Bug 1765255

Summary: Crash if IO in progress during VDO suspend/stop
Product: Red Hat Enterprise Linux 7 Reporter: Sweet Tea Dorminy <sweettea>
Component: kmod-kvdoAssignee: Sweet Tea Dorminy <sweettea>
Status: CLOSED NEXTRELEASE QA Contact: vdo-qe
Severity: unspecified Docs Contact:
Priority: unspecified    
Version: 7.8CC: awalsh, corwin, vdo-internal, vdo-qe
Target Milestone: rc   
Target Release: ---   
Hardware: Unspecified   
OS: Unspecified   
Whiteboard:
Fixed In Version: Doc Type: If docs needed, set a value
Doc Text:
Story Points: ---
Clone Of: 1765253 Environment:
Last Closed: 2020-05-12 19:26:56 UTC Type: ---
Regression: --- Mount Type: ---
Documentation: --- CRM:
Verified Versions: Category: ---
oVirt Team: --- RHEL 7.3 requirements from Atomic Host:
Cloudforms Team: --- Target Upstream Version:
Embargoed:
Bug Depends On: 1765253    
Bug Blocks:    

Description Sweet Tea Dorminy 2019-10-24 16:04:23 UTC
+++ This bug was initially created as a clone of Bug #1765253 +++

Description of problem:
If IO is in progress when VDO receives a suspend request, for instance to grow logical, grow physical, or shut down, it is possible for some IO to run while or after VDO internally suspends. This can cause crashes, infinite loops, or assorted other chaos.

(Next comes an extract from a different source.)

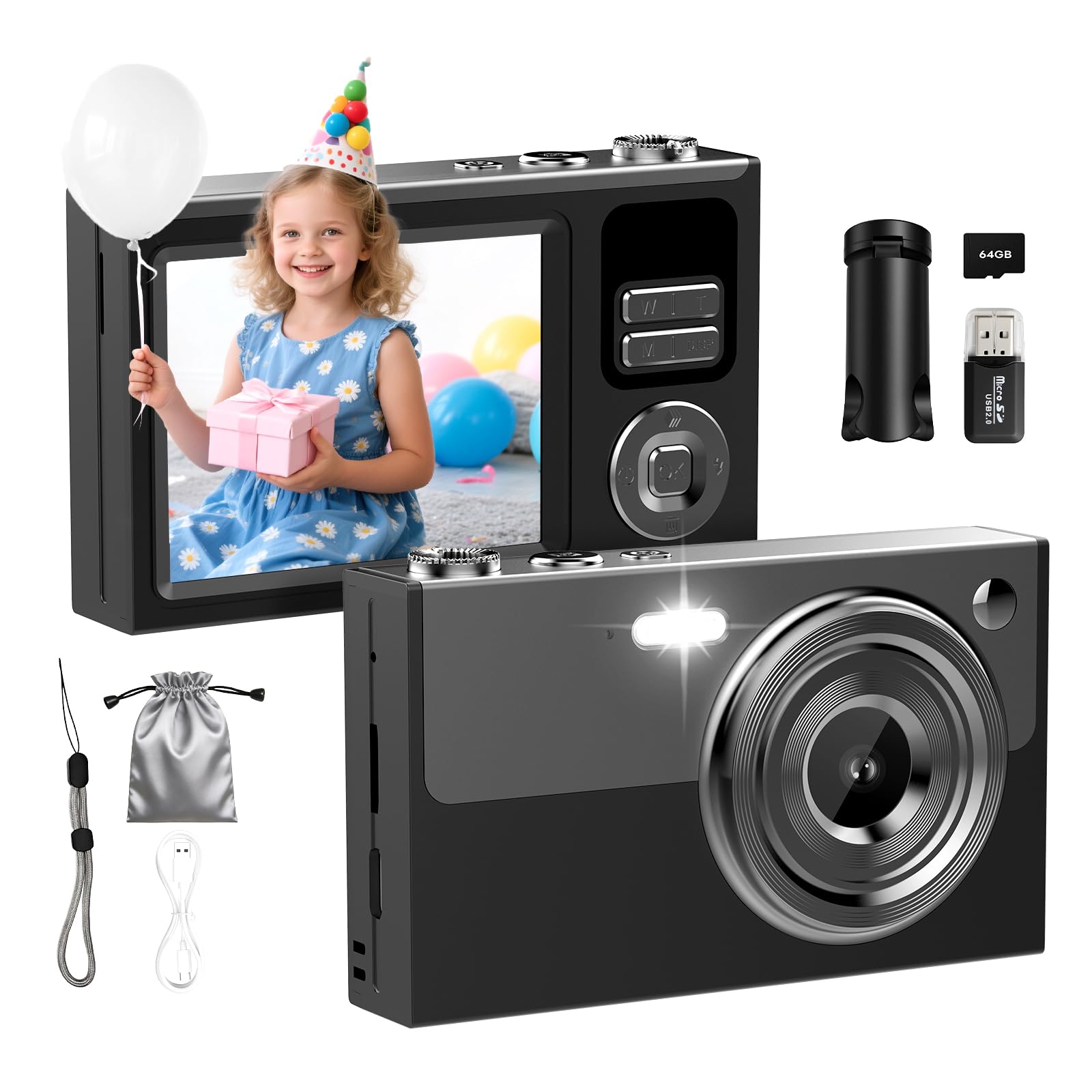 Digital Camera, 64MP 4K Camera for Kids with 2.8" IPS Screen, 64GB SD Card and 16X Digital Zoom Anti Shake, Point and Shoot Compact Camera, Compact Portable Small Gift for Boys Girls Students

Version-Release number of selected component (if applicable):
6.1

How reproducible:
Very difficult. Relies on an unfenced read of a variable returning a old value.

Steps to Reproduce:
1. Write 15G unique data in 4k randwrites, to a VDO with 15T logical space and a 15G block map cache size, in sync mode.
2. dmsetup suspend vdo0 & dd if=/dev/urandom of=/dev/mapper/vdo0 oflag=direct bs=4k


Actual results:
Chaos, potentially a crashdump. One manifestation could be:

[1388725.540680] uds: kvdo0:journalQ: assertion "count to be initialized not in use" ((*journalValue == atomicLoad32(decrementCount))) failed at /builddir/build/BUILD/kvdo-a50744b1ca2aa461a761076d051a21612fd45aba/obj/./vdo/base/lockCounter.c:259
[1388725.540681] uds: kvdo0:journalQ: [backtrace]
[1388725.540683] CPU: 4 PID: 768 Comm: kvdo0:journalQ Kdump: loaded Tainted: P           OE    --------- -  - 4.18.0-145.el8.x86_64 #1
[1388725.540684] Hardware name: Supermicro X9SRE/X9SRE-3F/X9SRi/X9SRi-3F/X9SRE/X9SRE-3F/X9SRi/X9SRi-3F, BIOS 3.2 01/16/2015
[1388725.540685] Call Trace:
[1388725.540692]  dump_stack+0x5c/0x80
[1388725.540703]  assertionFailedLogOnly+0x49/0x70 [uds]
[1388725.540717]  ? enqueueWorkQueue+0x3e/0x80 [kvdo]
[1388725.540725]  ? noDefaultAction+0x10/0x10 [kvdo]
[1388725.540734]  ? scheduleOperationWithContext+0xee/0x130 [kvdo]
[1388725.540743]  ? kvdoGetCurrentThreadID+0xa/0x20 [kvdo]
[1388725.540752]  initializeLockCount+0x6f/0x80 [kvdo]
[1388725.540759]  ? prepareToAssignEntry+0x1d0/0x1d0 [kvdo]
[1388725.540765]  prepareToAssignEntry+0x17a/0x1d0 [kvdo]
[1388725.540772]  assignEntries.part.6+0x47/0xb0 [kvdo]
[1388725.540782]  workQueueRunner+0x1b9/0x660 [kvdo]
[1388725.540784]  ? finish_wait+0x80/0x80
[1388725.540793]  ? kvdoCompareDataVIOs+0x90/0x90 [kvdo]
[1388725.540795]  kthread+0x112/0x130
[1388725.540796]  ? kthread_flush_work_fn+0x10/0x10
[1388725.540798]  ret_from_fork+0x35/0x40

Expected results:
No crashdumps, no hangs.

Additional info:

Comment 2 corwin 2020-05-12 19:26:56 UTC
This is fixed in RHEL 8, but will not be fixed on RHEL 7.